It Shouldn’t Be About Scope This Time – Rather Benefiting More Than One Stakeholder Is Key

It is Friday, August 26, 2011 and I am aboard United flight #701 bound for Albuquerque to participate in the 16th Annual Boyd Group International Aviation Forecast Summit.  Many third rail issues get addressed at this widely attended conference and this year promises to be no exception.  The conference will address what Boyd refers to as futurist issues that will ultimately result in structural change to the architecture of the industry.  And I have been asked to help Mike open the conference along with Captain Michael Baiada.  I cannot wait.

What is significant about United flight #701? Seven years ago, a significant part of my career was assisting communities to attract airlines to begin new service. I was working with a talented air service development team at the Metropolitan Washington Airports Authority and my former firm, Eclat, and at the time there was very little domestic service to relevant markets that Washington Dulles did not have, whether regionally, mid-con or trans-con. 

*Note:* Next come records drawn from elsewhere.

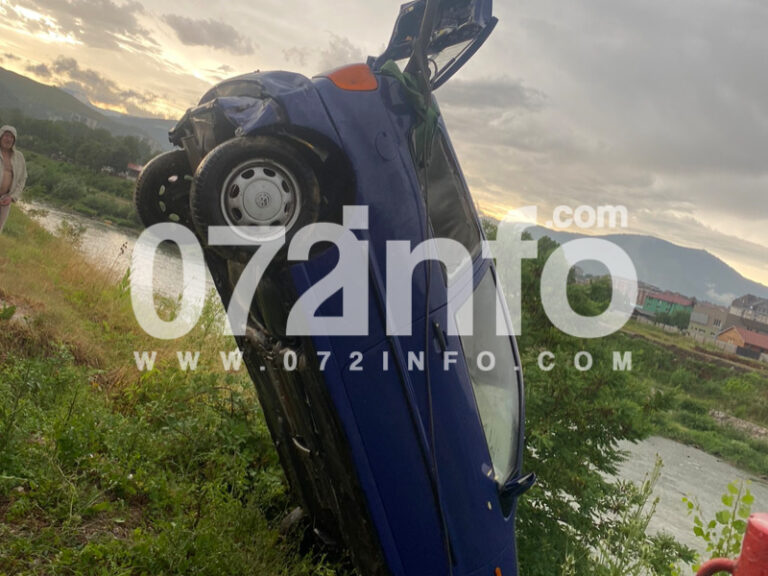 ZENICA: Polom udario u drugo vozilo, a potom završio u rijeci, spašavali ga vatrogasci (FOTO) 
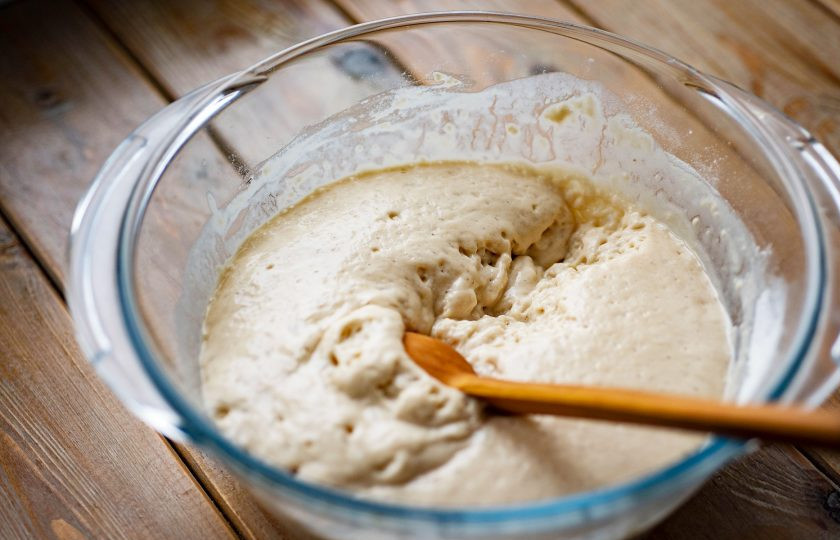 1. Этап. Булочки с яблоком и корицей из дрожжевого теста: Через 30 минут опара заметно увеличилась в объеме и приобрела крупнопористую структуру.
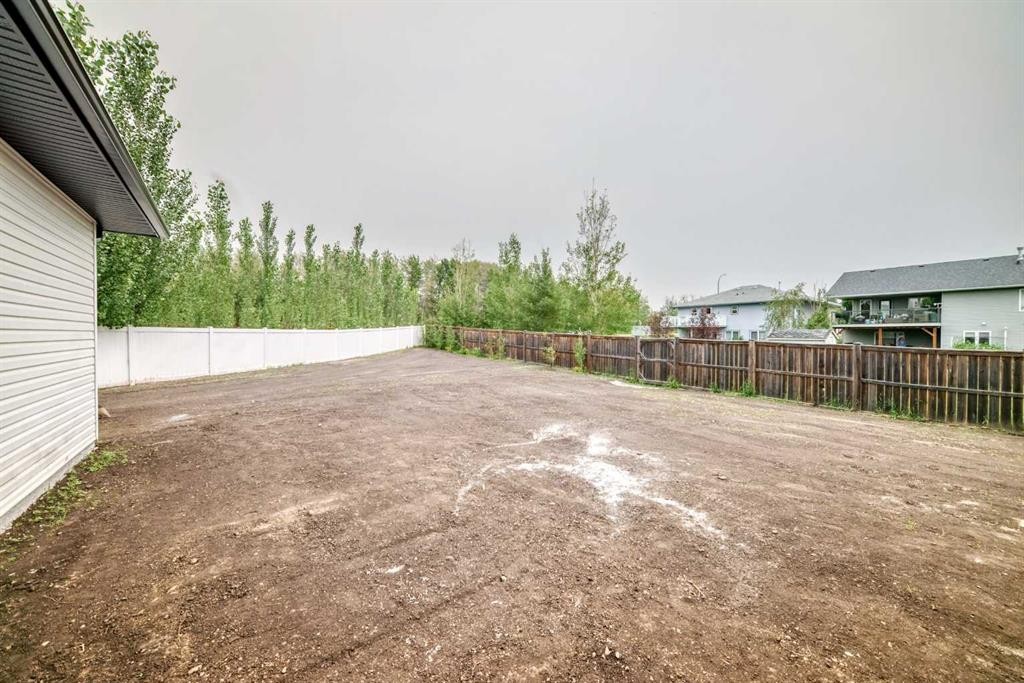 14 Napoleon Meadows Way, Innisfail, AB - Outdoor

But there were unserved markets like San Antonio and Albuquerque that were made interesting with regional aircraft service.  We approached United about a regional service from Dulles to the Land of Enchantment starting with a regional jet.  United agreed that the market could support a 50-seat aircraft on that route.  Over time, that route could support a 70-seat plane. Tonight I sit aboard a United mainline A-319 flown by a United mainline crew. 

If not for the ability to initiate a route that had fledgling demand with a right-sized aircraft, there would not be a mainline flight today that would get passengers from Washington Dulles to New Mexico in three hours and nineteen minutes. And this is but one example of many similar stories.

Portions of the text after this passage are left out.